[ASSIGNMENT]: From the line that holds "銀次出品 NANO universe" to the end of the records, reproduce every line exactly. No pictures.

[MATERIAL FOR THIS TASK]:
*****
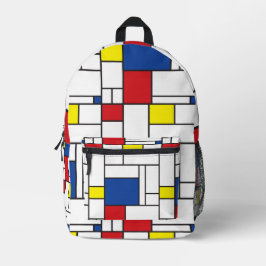 Mondrian Minimalistisch Geometric De Stijl Moderne Bedruckter Rucksack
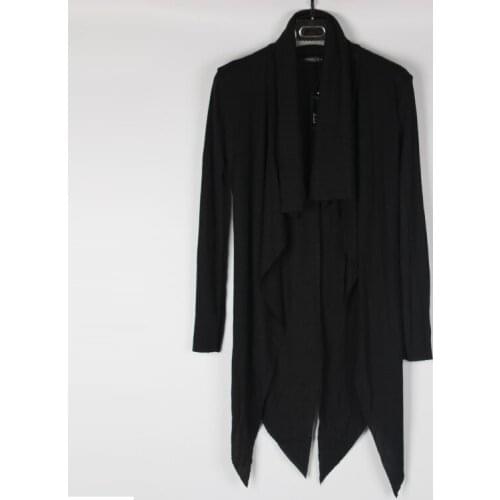 NEW ! 2016 Autumn long-sleeve non-mainstream male medium-long cardigan cloak outerwear thin slim coat size M-XXL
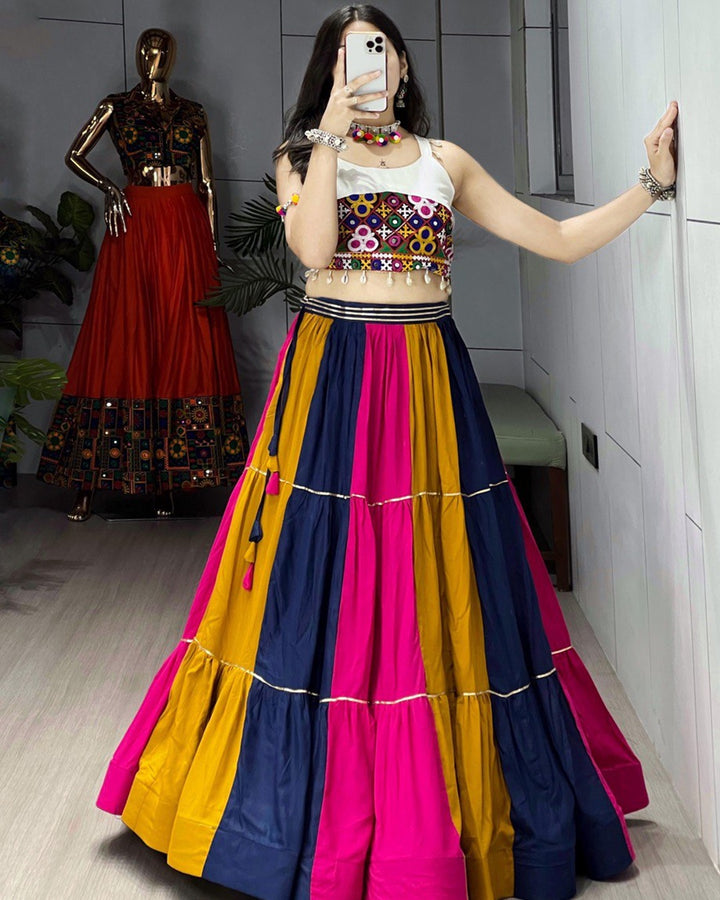Rainbow Radiance – Navratri Lehenga Set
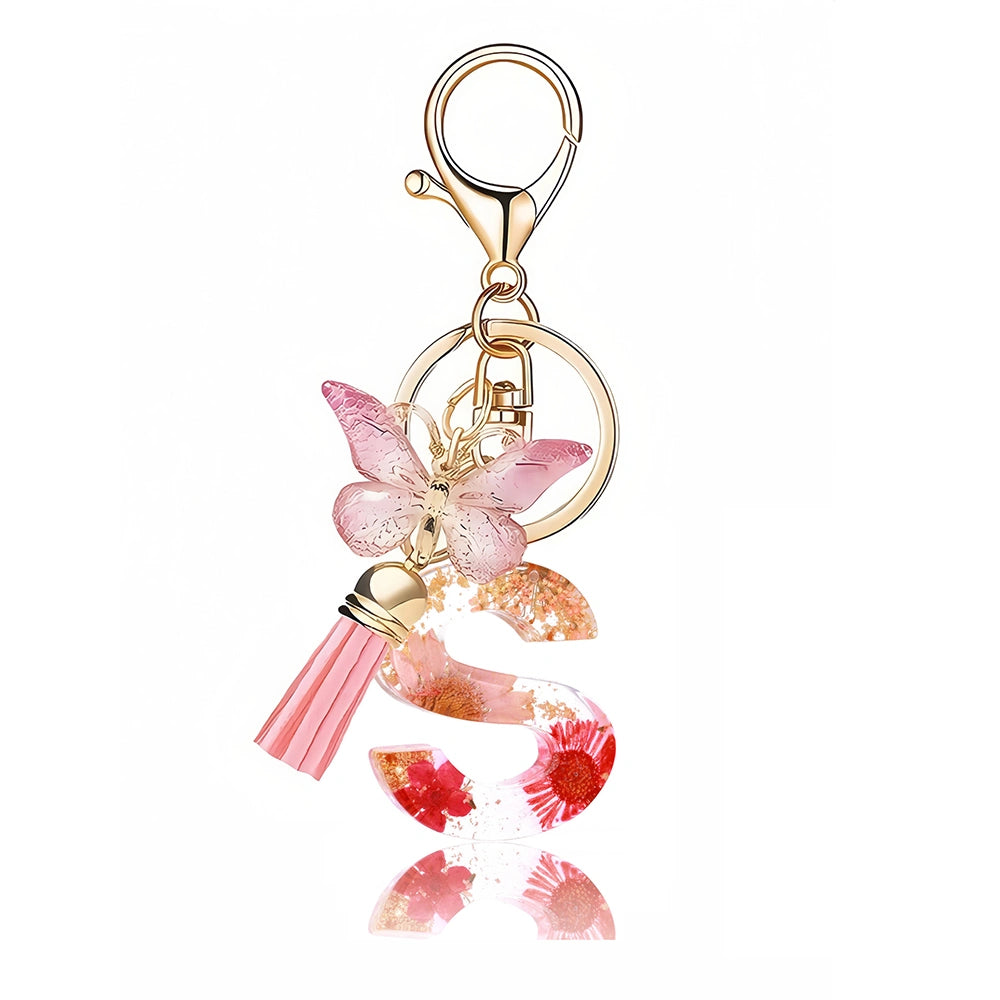 Pink Letter Tassel Bag Charm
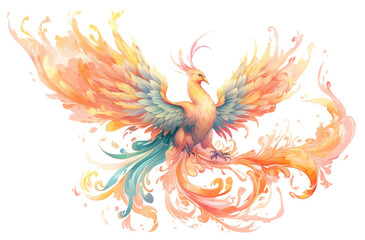 Obraz premium PNG Chinese phoenix pattern creativity abstract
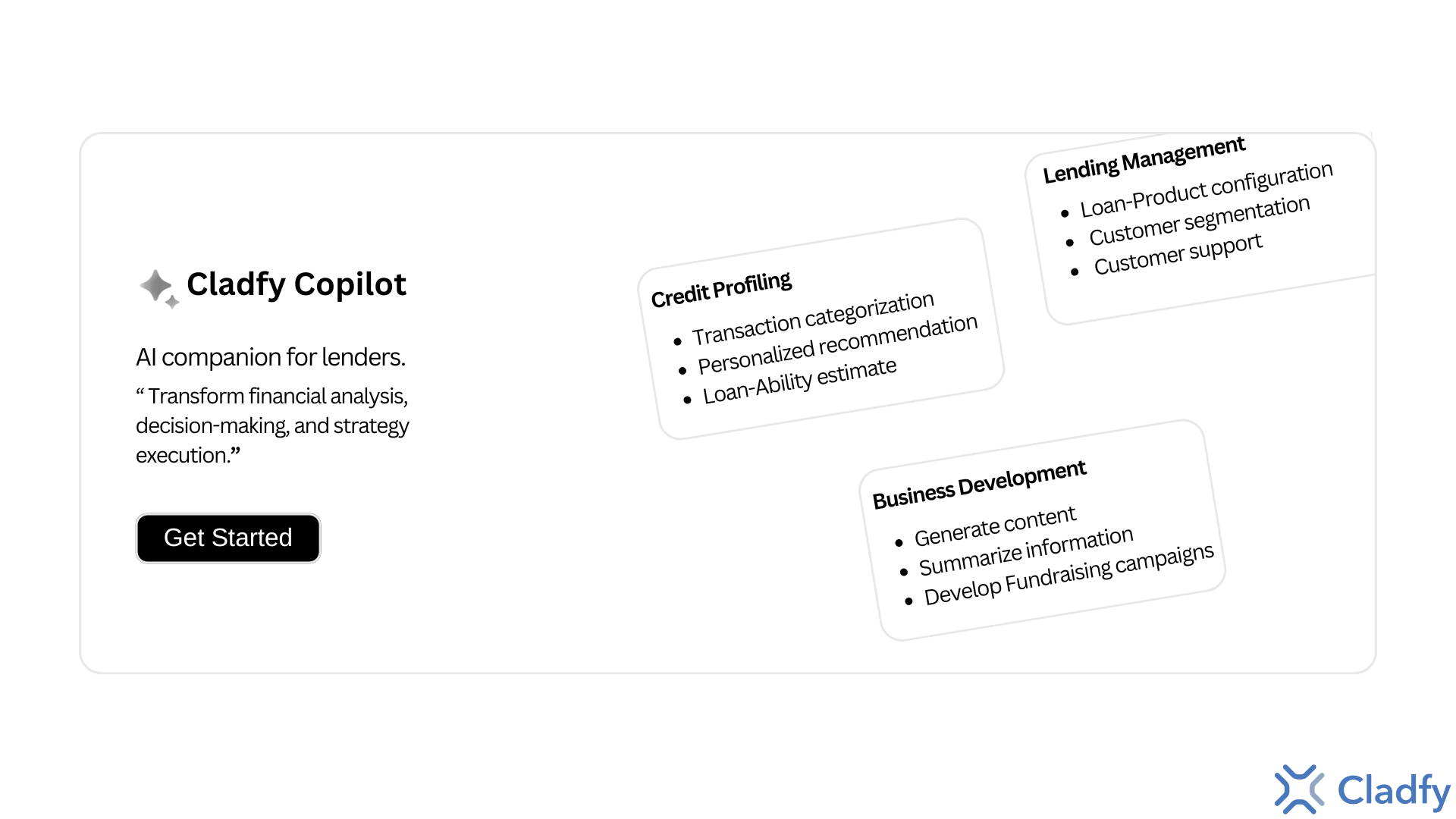Cladfy Copilot Interface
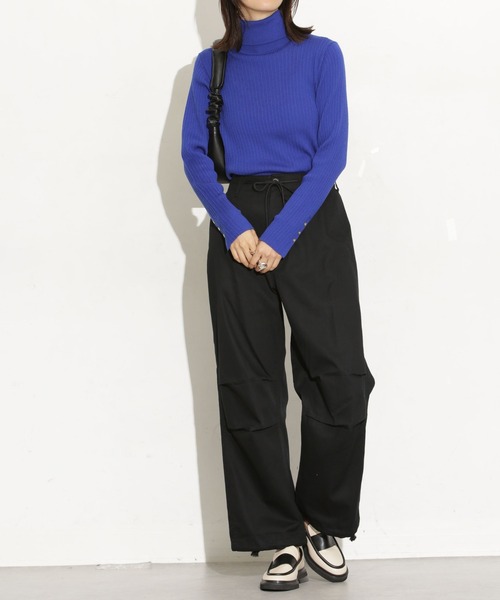 銀次出品 NANO universe パンツ パラシュートパンツ レディース : ZOZOTOWN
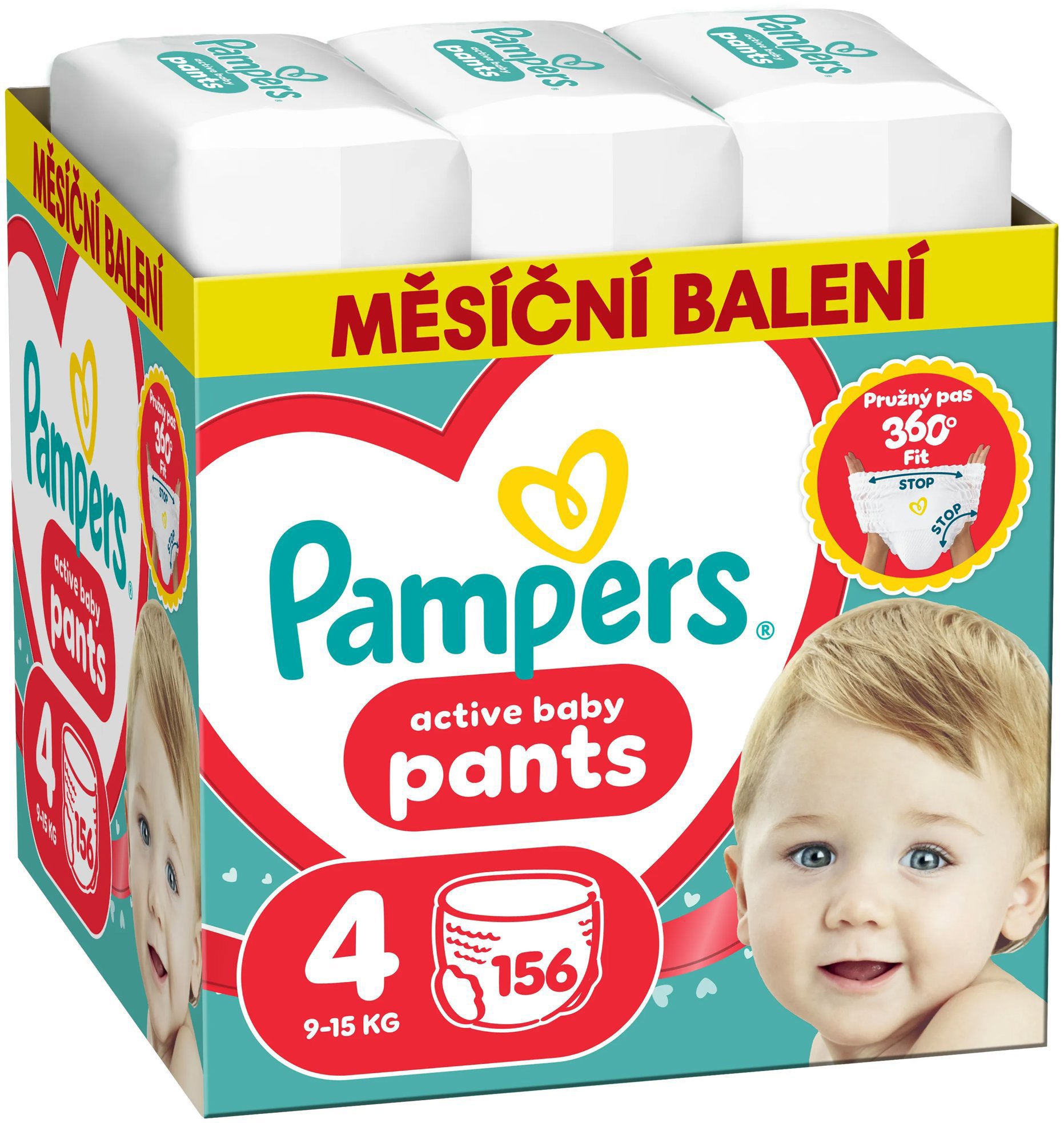 PAMPERS Pants vel. 4 (156 ks)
*****
[ANSWER TO THE PROBLEM]:
 銀次出品 NANO universe パンツ パラシュートパンツ レディース : ZOZOTOWN
 PAMPERS Pants vel. 4 (156 ks)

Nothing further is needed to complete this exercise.